Un journal titre : « Une femme nu-tête à l’Assemblée législative ! » Elle résiste et obtient gain
de cause.
Il faut comprendre par là que nos droits sont des acquis fragiles à défendre avec acharnement et
qu’ils sont le résultat de luttes collectives pour lesquelles se sont engagés des millions de
femmes et d’hommes épris de liberté et de justice. J’ose espérer, monsieur Gérin, que la
commission que vous présidez tiendra compte de tous ces sacrifices et de toutes ces aspirations
citoyennes à travers le monde et les siècles.
A vous chers amis, s’il y a une chose, une seule, que je souhaiterais que vous reteniez de ces
quelques mots, c’est la suivante. Entre une certaine gauche démissionnaire, le racisme de
l’extrême droite et le laisser-faire et la complicité des gouvernements nous avons la possibilité
de changer les choses, plus encore nous avons la responsabilité historique de faire avancer les
droits des femmes. Nous sommes, en quelque sorte, responsables de notre avenir et de celui de
nos enfants. Car il prendra la direction que nous lui donnerons. Nous, les citoyens. Nous, les
peuples du monde. Par nos gestes, par nos actions et par notre mobilisation. Toutes les énergies
citoyennes sont nécessaires d’un pays à l’autre au-delà des frontières. L’avenir nous appartient.

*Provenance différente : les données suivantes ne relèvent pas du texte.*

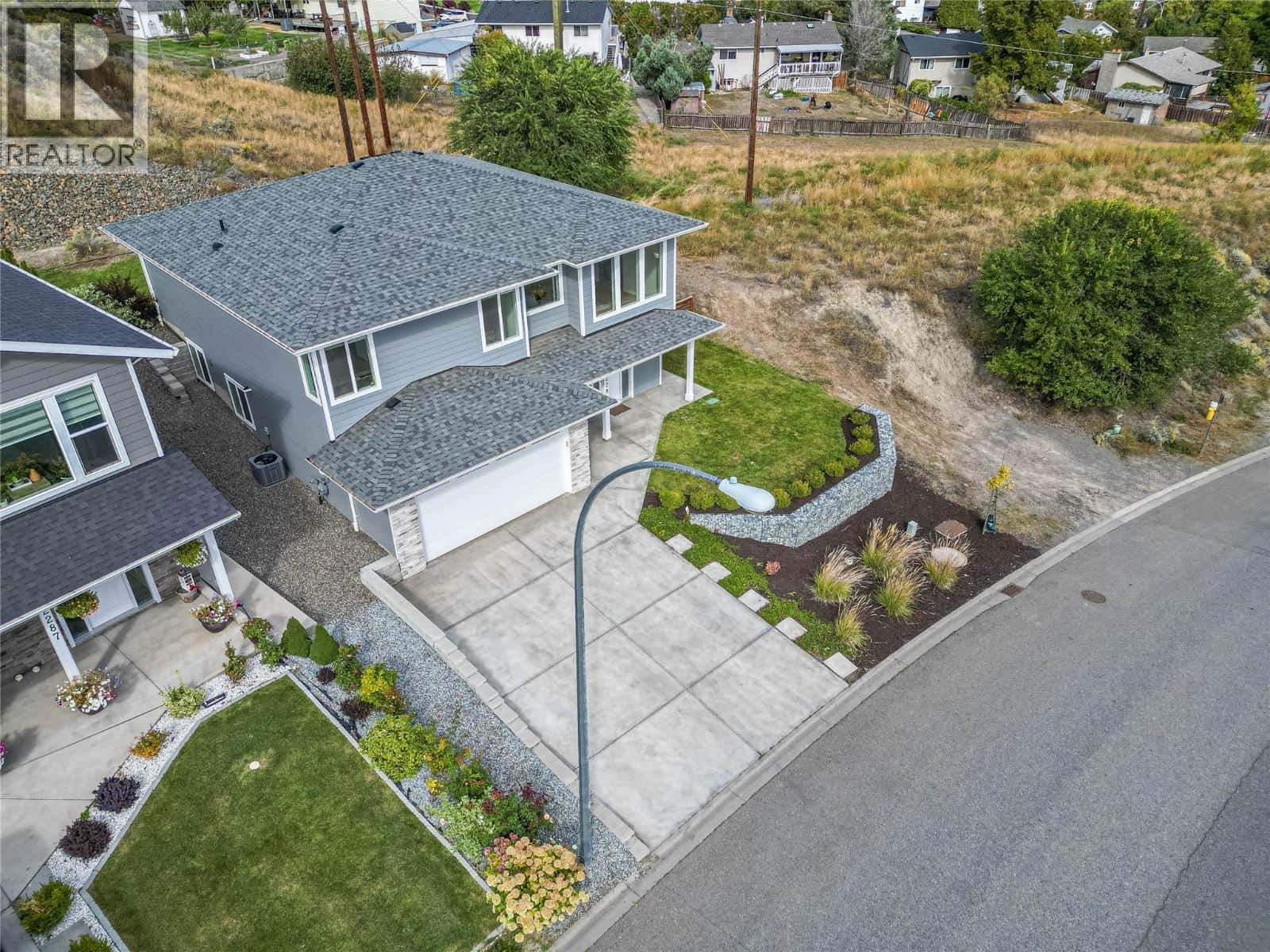 2289 GRASSLANDS Boulevard — Kamloops, British Columbia - Photo 3 of 57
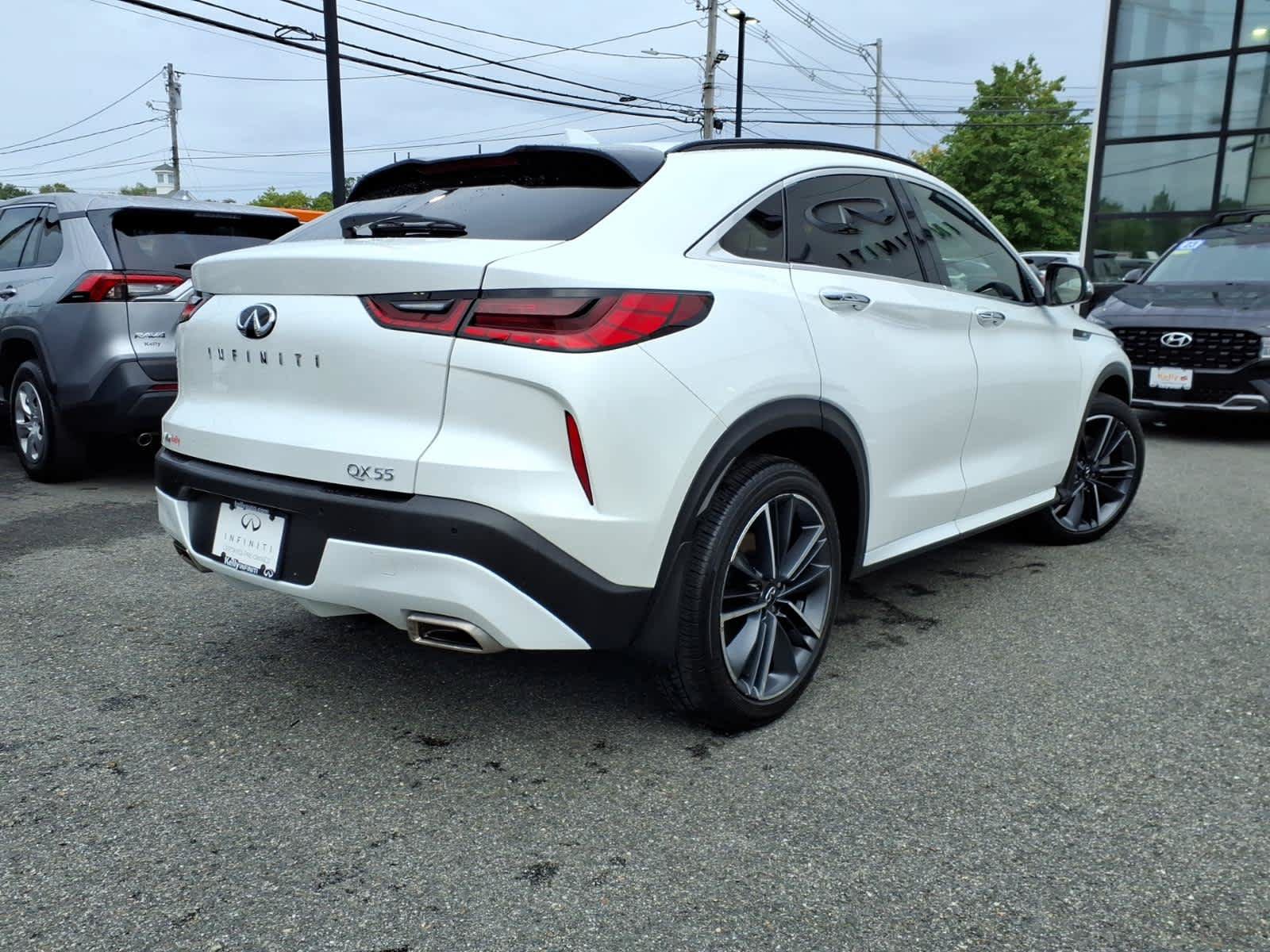 Certified 2025 INFINITI QX55 Luxe w/ Cargo Package AWD/4WD image 5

La femme est l’avenir de l’homme disait Aragon. S’agissant d’homme, je veux en saluer un
présent aujourd’hui, c’est mon père à qui je dois tout.
Et je finirai par une citation de Simone de Beauvoir : « On a le droit de crier mais il faut que ce
cri soit écouté, il faut que cela tienne debout, il faut que cela résonne chez les autres. » J’ose
espérer que mon cri aura un écho parmi vous.